Montero (2006) destaca a importância de se reconhecer o cenário complexo que é trabalhar com comunidades e com o conhecimento popular. Na criação de uma rede dialógica entre especialistas e comunidades, está firmada a proposta de valorizar a construção do conhecimento a partir de uma perspectiva histórica alinhada com processos participativos que a autora realizou, pesquisou e escreveu por mais de três décadas.
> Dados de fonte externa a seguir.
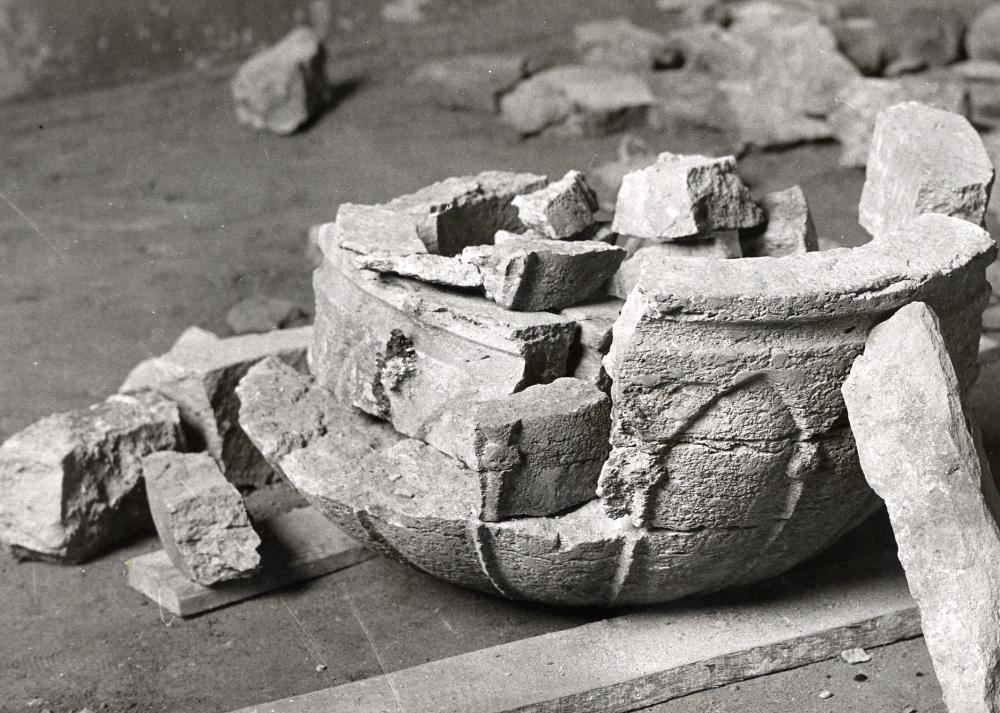 Dopfunt från medeltiden funnen och tillvaratagen vid restaureringen av Vallentuna kyrka år 1937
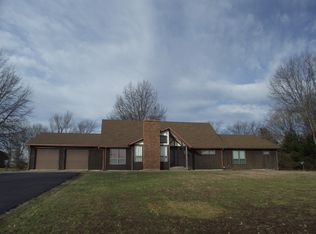 250 High St., Brookfield, MO 64628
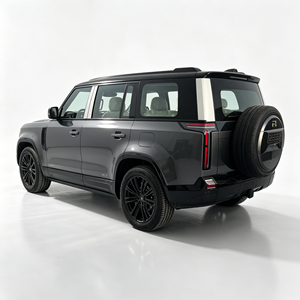 SUV de Lujo Todoterreno 4x4 Resistente para Exploración en el Desierto, Senderos Forestales, Campamentos y Salidas Familiares - Product Image 5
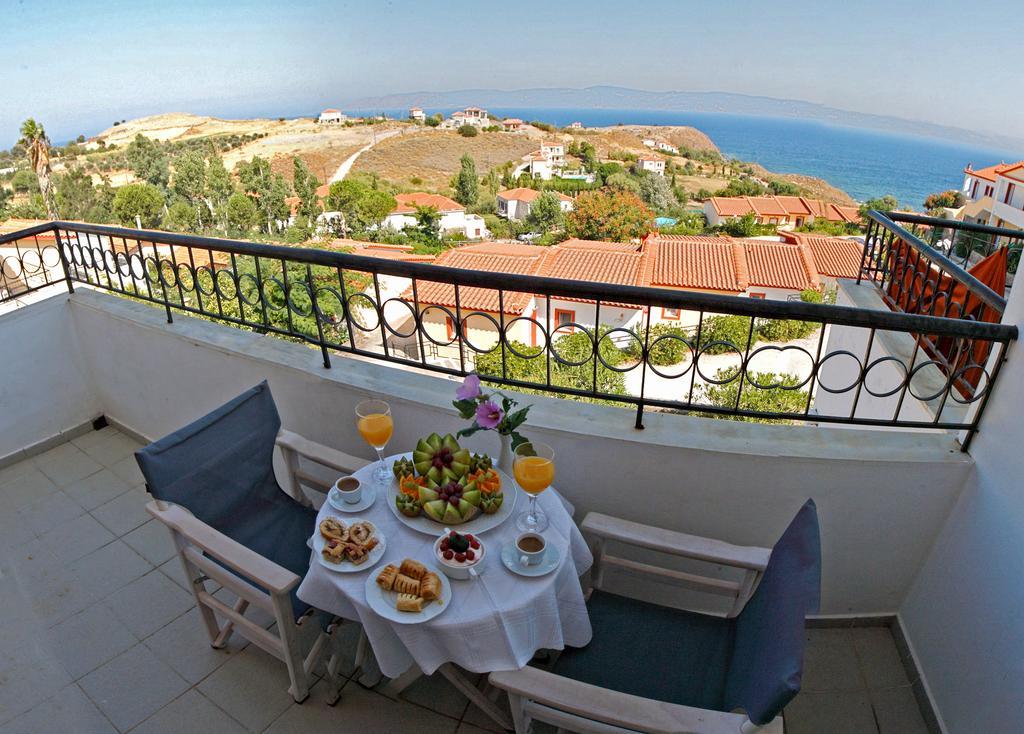 Belvedere Aeolis Hotel 미팀나 외부 사진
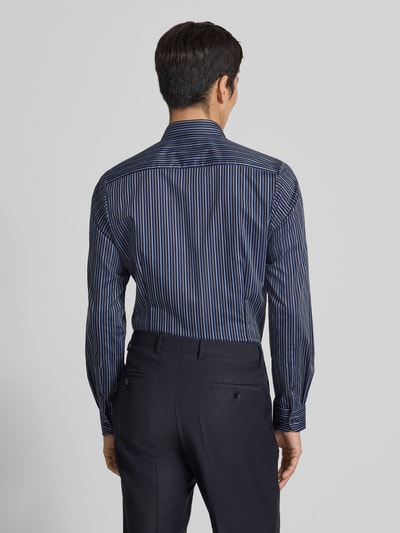 Männermodel trägt Slim Fit Business Hemd mit Haifischkragen von OLYMP, reine Baumwolle, langärmelig, sportmanschetten, Rückenlänge 81 cm, Schulterbreite 39 cm, Ärmellänge 66 cm, dunkle Streifenoptik, Ganzkörperansicht Rückansicht.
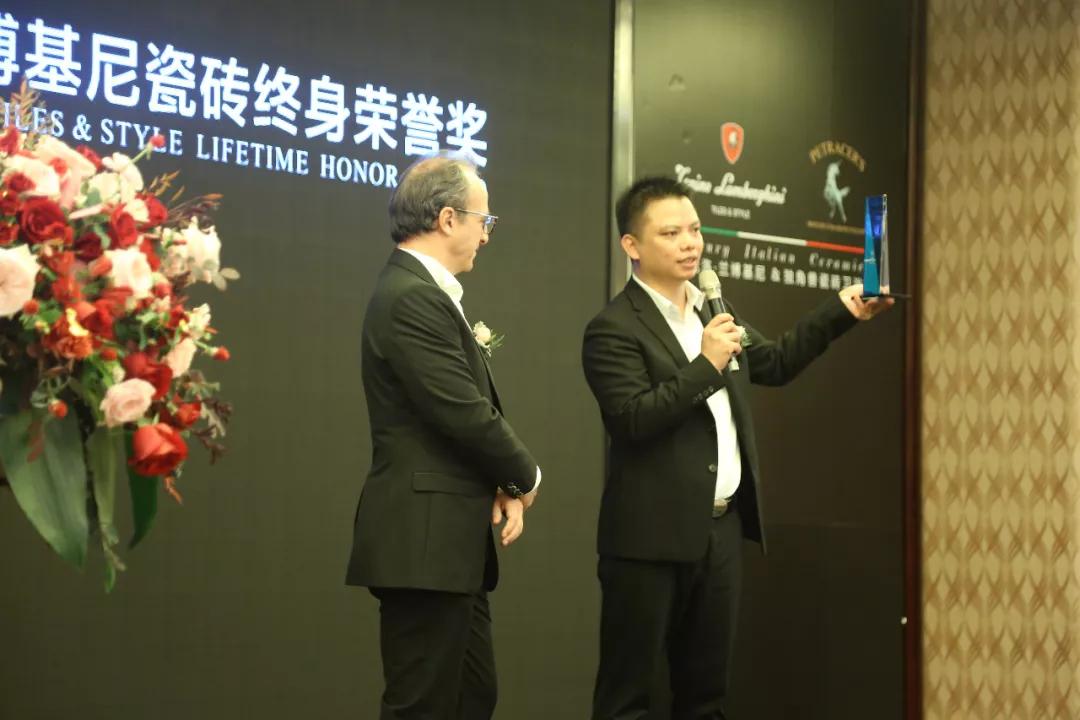 微信图片_20181126235416.jpg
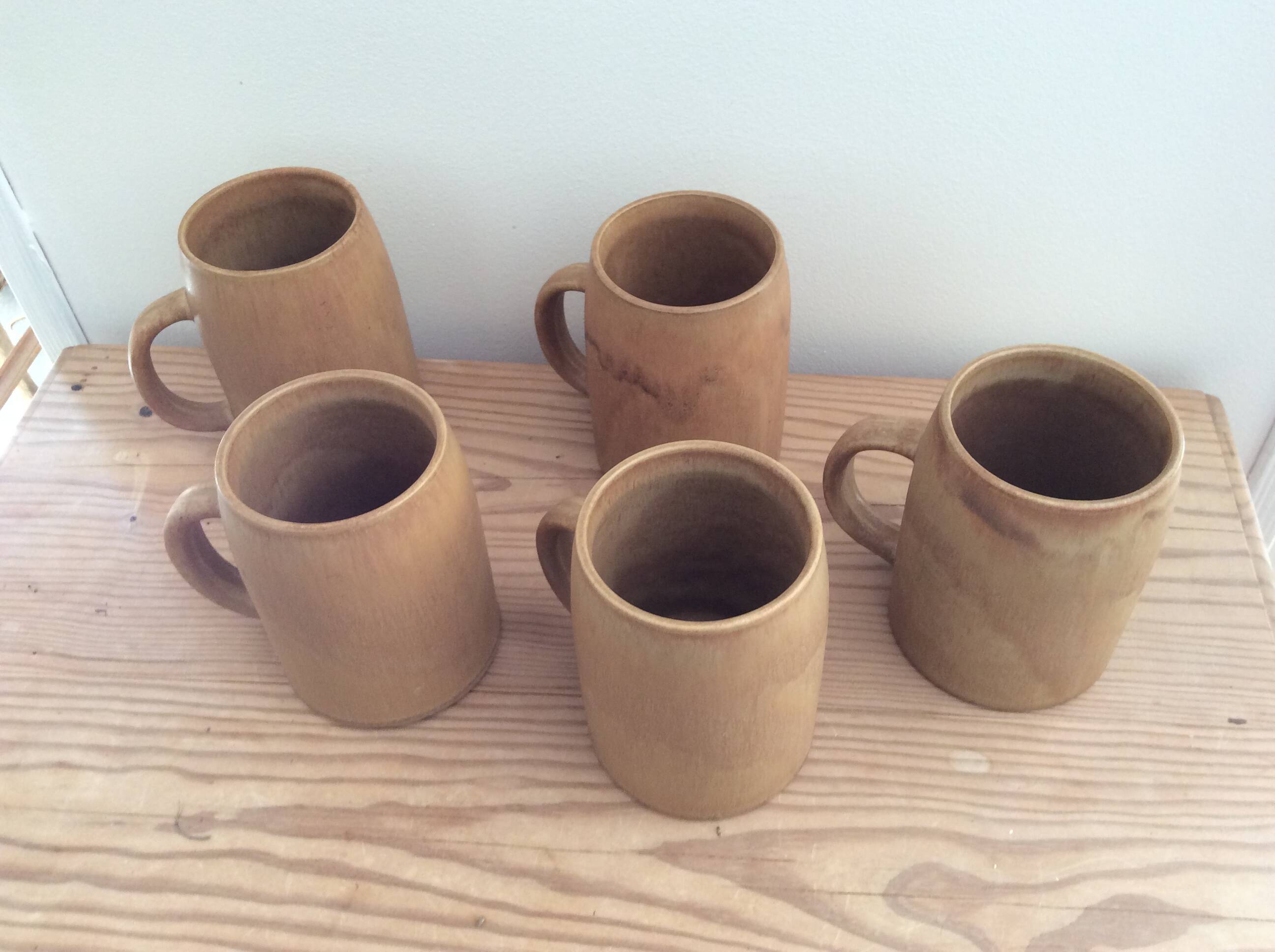 5 stoneware mugs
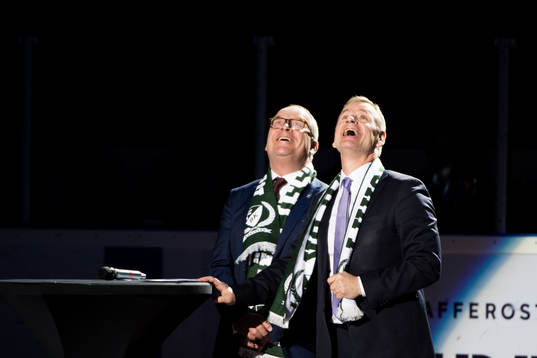 Färjestads Håkan Loob tackas av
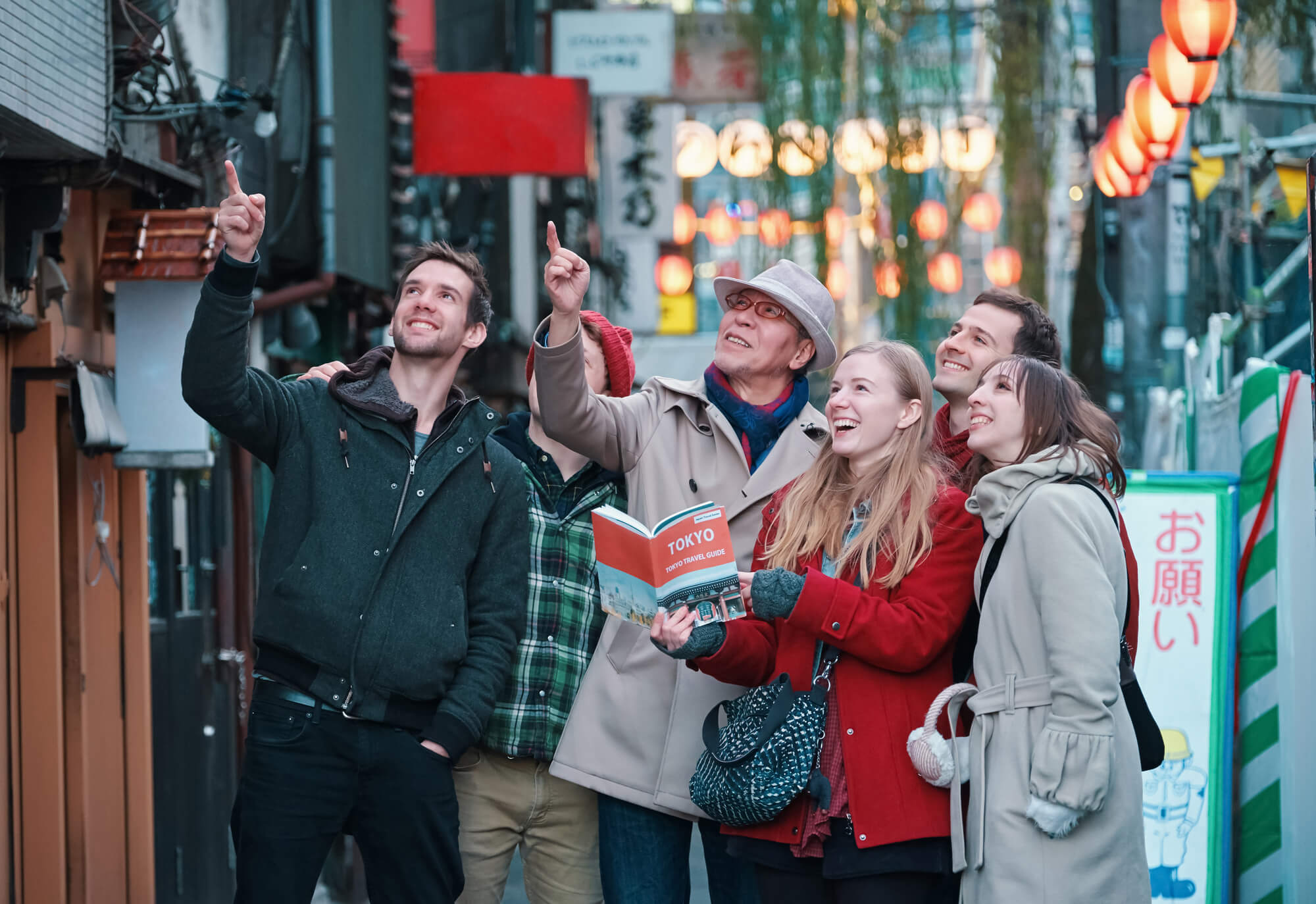 日本を旅行する外国人観光客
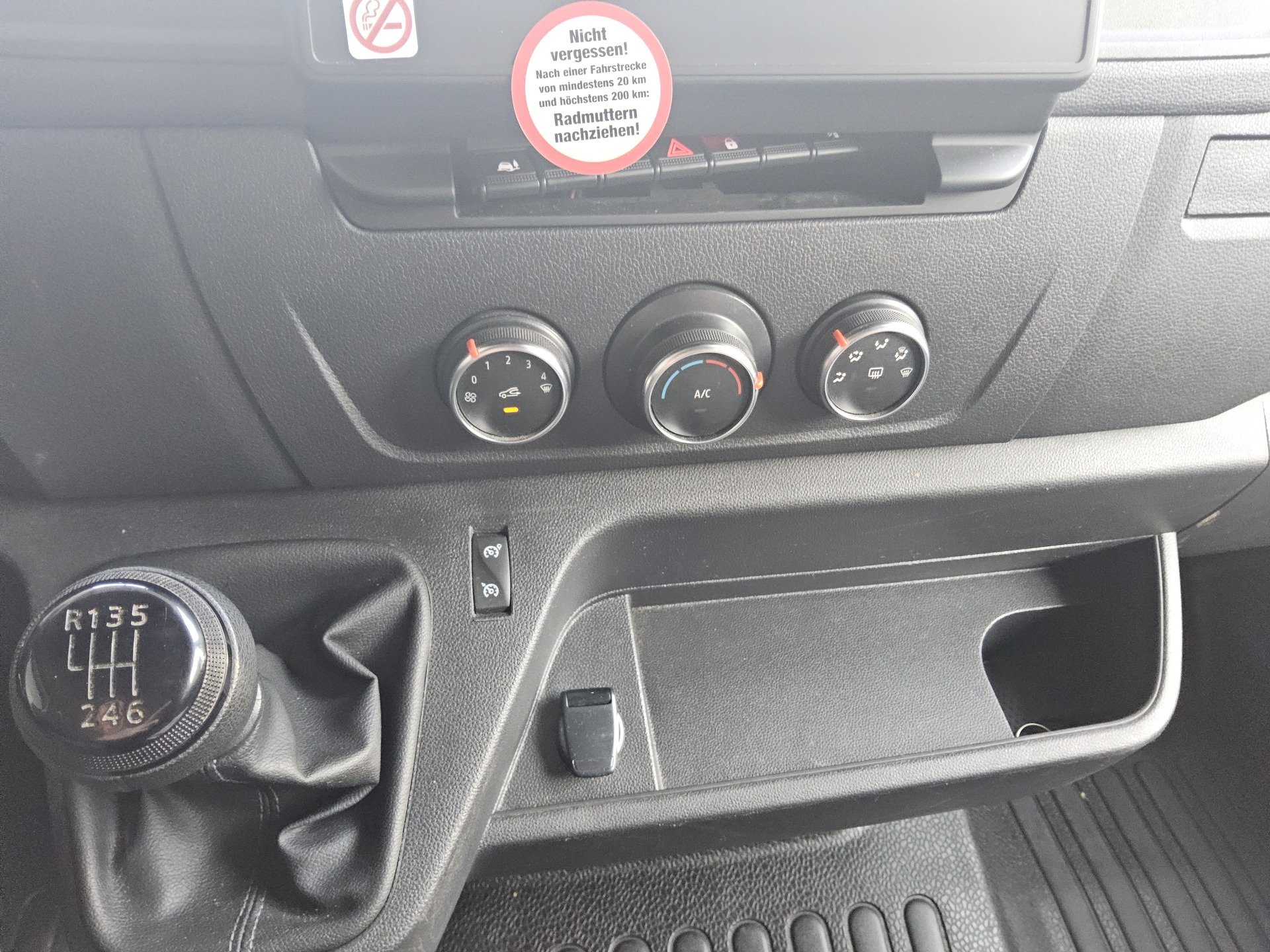 Renault Master 3,5t L3H2 2.3 dCi Navi Kamera PDC BT 6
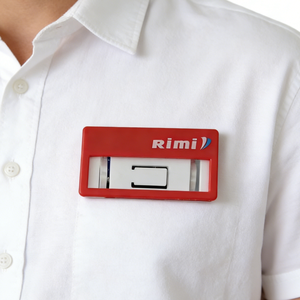 Badge Nominativo in Acrilico Rosso con Slot Sostituibile per Informazioni Personalizzate, da Indossare dagli Dipendenti - Product Image 3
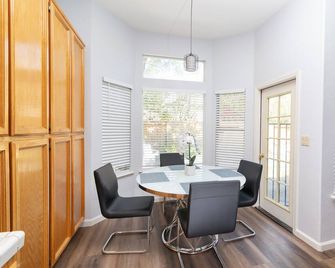 3 bedroom home with pool!! - Elk Grove - Dining room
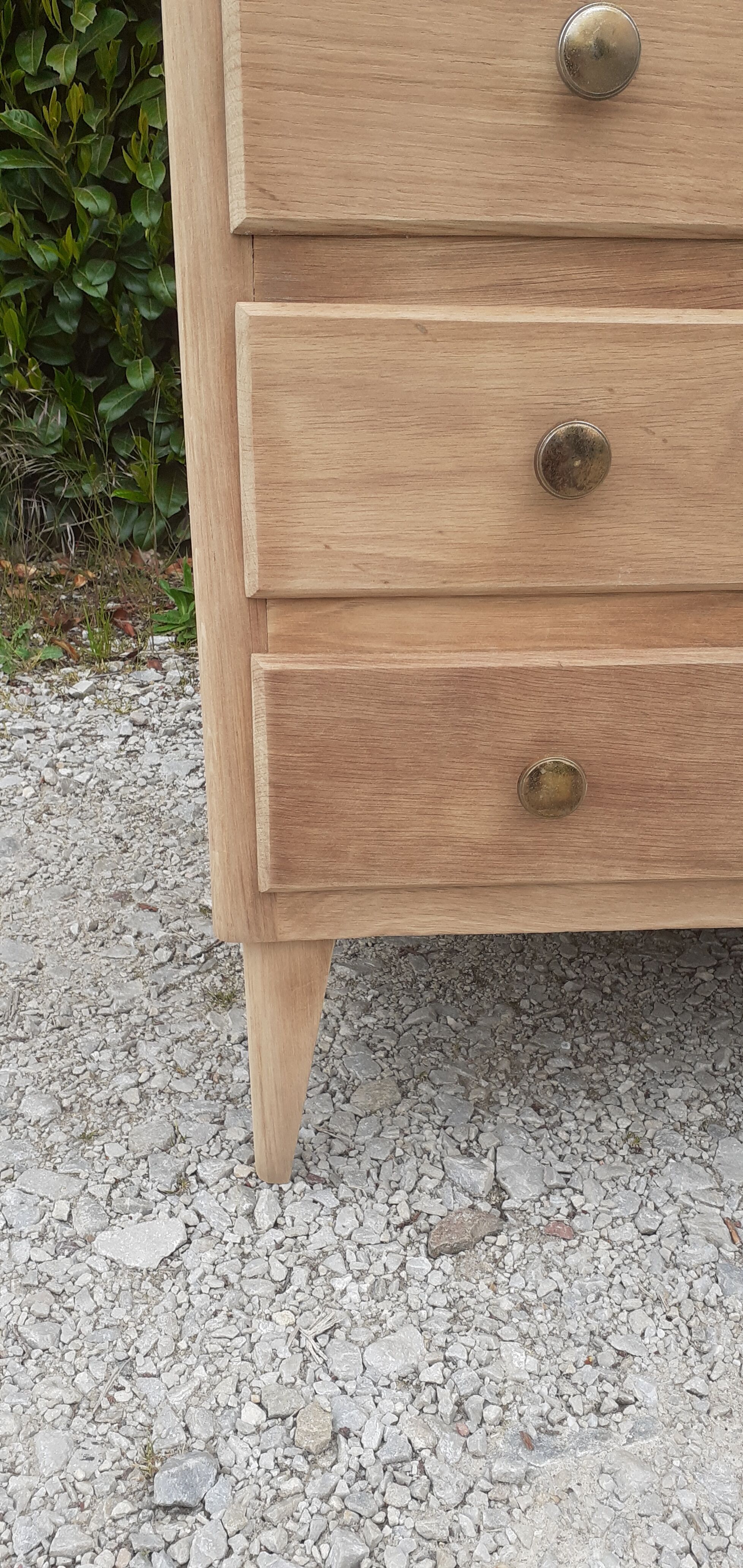 Dresser 4 drawers feet compass vintage raw wood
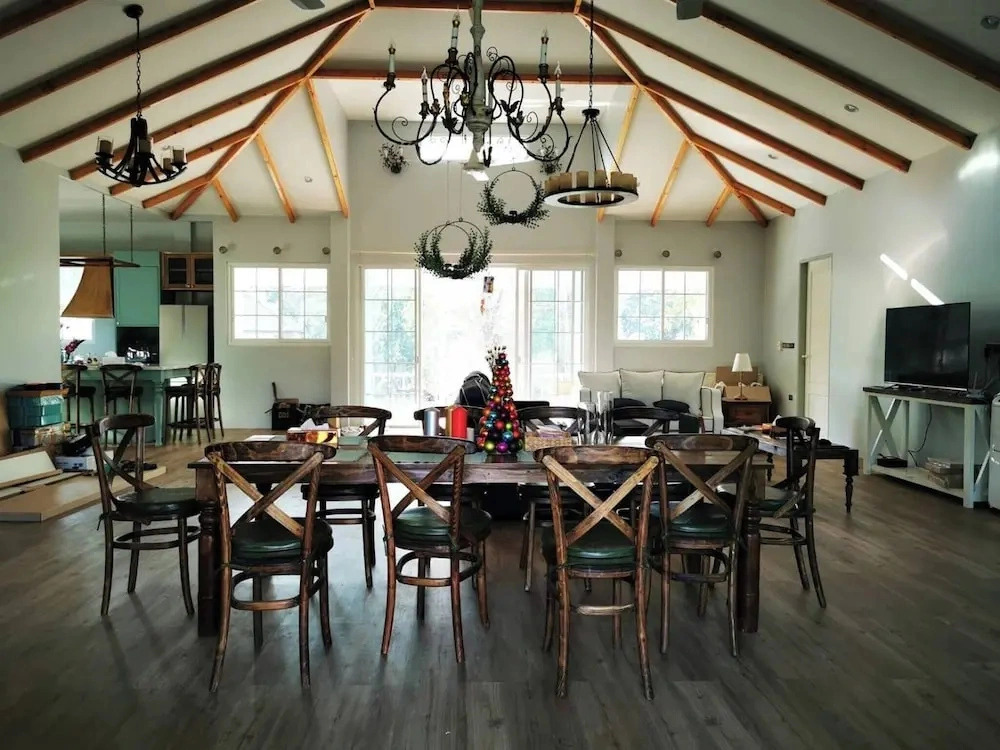 Khaoyai 6 Bedrooms Pool Villa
Ponderando sobre os métodos da Psicologia Comunitária e da Psicologia Política, áreas de preferência de investigação e ação de Montero, a autora identifica que os casos dos métodos participativos vêm sendo aplicados para desideologização, desalienação, desnaturalização, como mobilização da consciência crítica. Relações dialógicas se estabelecem dessa forma, a fim de manter a igualdade entre quem investiga ou propõe uma intervenção e as pessoas que participam. Entendemos que o diálogo passa por processos de pergunta e resposta, expressa opiniões e contradições, além de chegar a acordos debatidos coletivamente. A visão metodológica de Maritza Montero inclui o diálogo estreito com Martín-Baró, Paulo Freire e Fals Borda, e nesse exercício a Psicologia passa a apresentar interfaces com aspectos políticos nos quais as perspectivas libertadora e comunitária dão o tom.

c) Metodologias para uma Psicossociologia participativa: Maria Inácia D'Ávila Neto

Maria Inácia D'Ávila Neto se graduou em Psicologia no Brasil e teve aqui também longas experiências docentes, tanto na Universidade de Brasília (UnB), onde iniciou a carreira, quanto na Universidade Federal do Rio de Janeiro (UFRJ), onde se aposentou e orientou pesquisas até a morte. Cursou mestrado, doutorado e, mais adiante, pós-doutorado na França.

Com essas marcas e protagonismo inconteste, D'Ávila Neto, como se pode atestar nos trabalhos recentes sobre sua presença no campo (Maciel & Souza, 2018), provocou a universidade do Brasil, no que concerne ao desafio de ampliar visões sobre interdisciplinaridade e a inaugurar outros locus de produção de conhecimento reunindo especialistas de diferentes disciplinas. As opções, em termos de colaboração interinstitucional, refletiram o peso que a diversidade humana merece. Em outras palavras, a produção que ajudou a impulsionar, como supervisora e orientadora, no referido programa de pós-graduação, faz parte da chave transcultural de Psicologia, no sentido dado por Muniz Sodré (2018, p. 9).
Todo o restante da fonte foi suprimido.